▶ **Work request**
Lines from the one holding "Hi there and" through the end of the entries, inclusive, form the whole output; reproduce them exactly and omit pictures.

▶ **Supplied data**
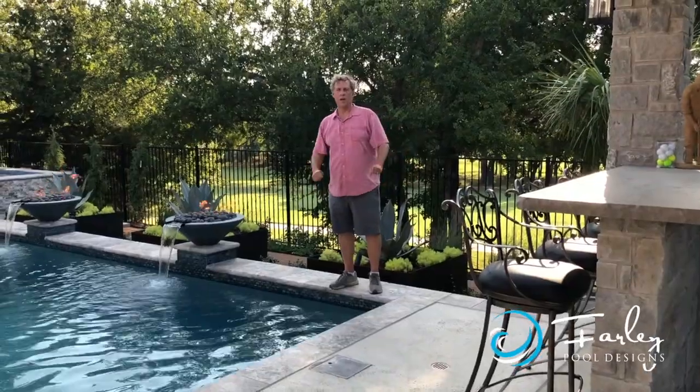Hello, this is Mike Farley. We're in Trophy Club tonight. We've got an awesome project to show you.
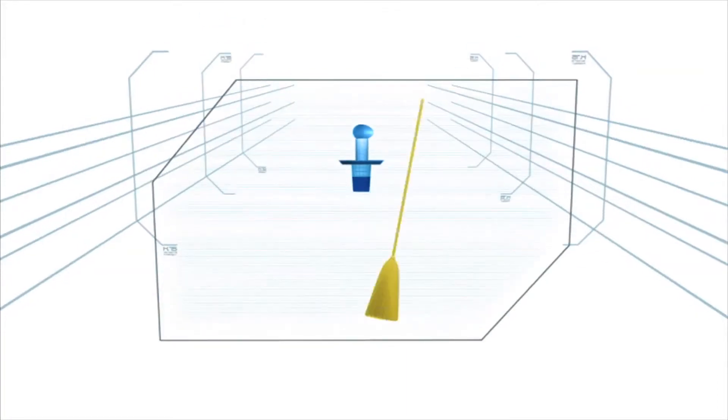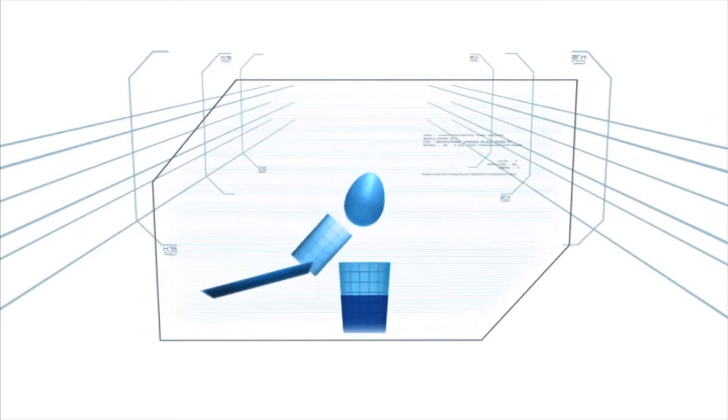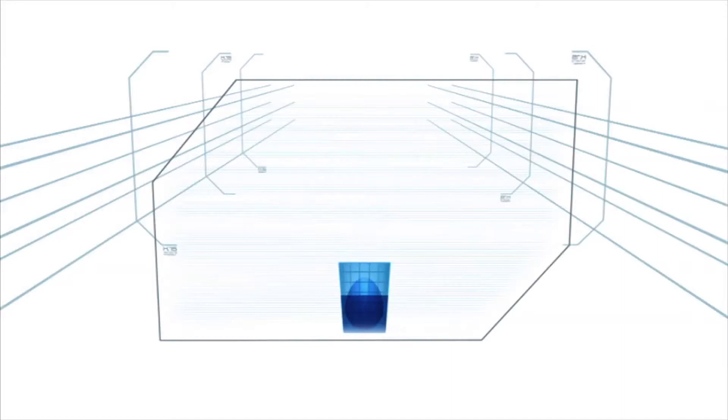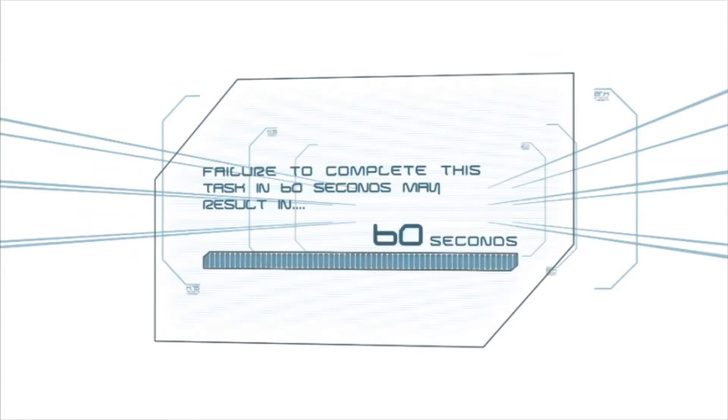Using a kitchen broom, the contestant must create a perfect spring action to knock the tin aside, allowing the egg to drop freely into the glass. This must be repeated nine times with no more than three misses. Failure to complete this task in 60 seconds may result in elimination.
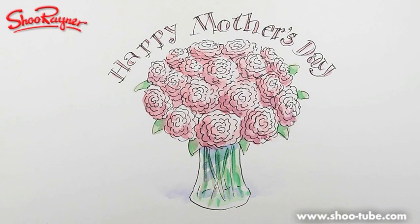Hi there and welcome to the Shoe Rainer Drawing Channel. Today I'm going to show you how to do this pretty little kind of — well you can put it on a greeting card or something — but anyway it's for Mother's Day, so let's not talk about it, let's just do it.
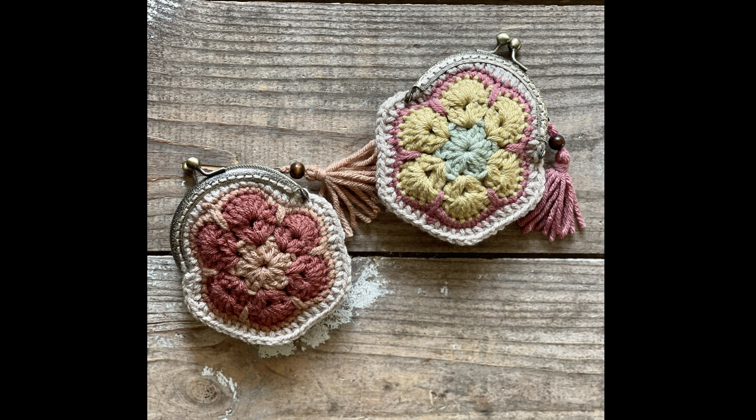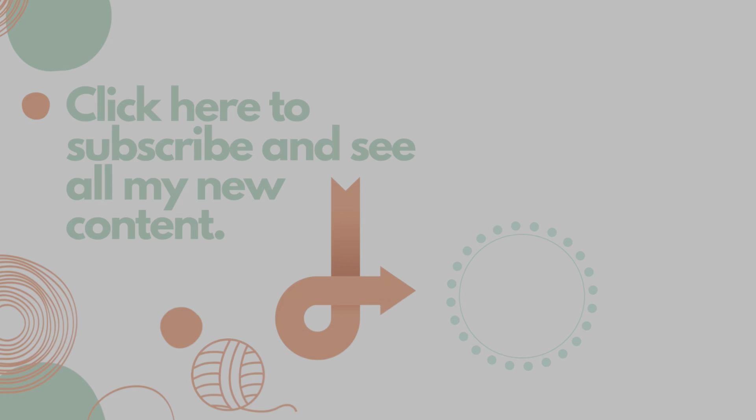I hope that you enjoyed this tutorial today. If you did, please give it a thumbs up, and if you haven't already, please subscribe to my YouTube channel. Thank you so much for watching!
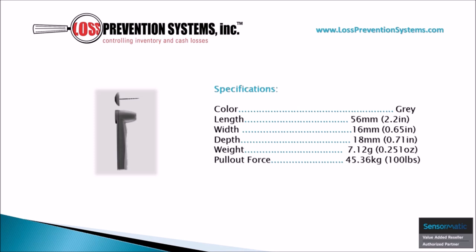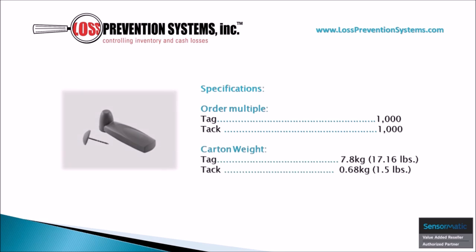It only weighs 0.251 ounces yet has a pullout force of over 100 pounds. This tag is also available in bulk and comes in packages of 1,000. Its carton weight is 17.16 pounds.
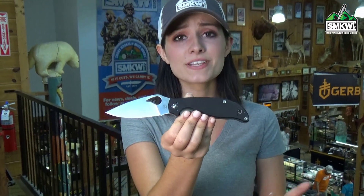And at $54, this Byrd isn't going to break the bank. Click the link, go to smkw.com and get your own.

▶ **Result**
Hi there and welcome to the Shoe Rainer Drawing Channel. Today I'm going to show you how to do this pretty little kind of — well you can put it on a greeting card or something — but anyway it's for Mother's Day, so let's not talk about it, let's just do it.
I hope that you enjoyed this tutorial today. If you did, please give it a thumbs up, and if you haven't already, please subscribe to my YouTube channel. Thank you so much for watching!
It only weighs 0.251 ounces yet has a pullout force of over 100 pounds. This tag is also available in bulk and comes in packages of 1,000. Its carton weight is 17.16 pounds.
And at $54, this Byrd isn't going to break the bank. Click the link, go to smkw.com and get your own.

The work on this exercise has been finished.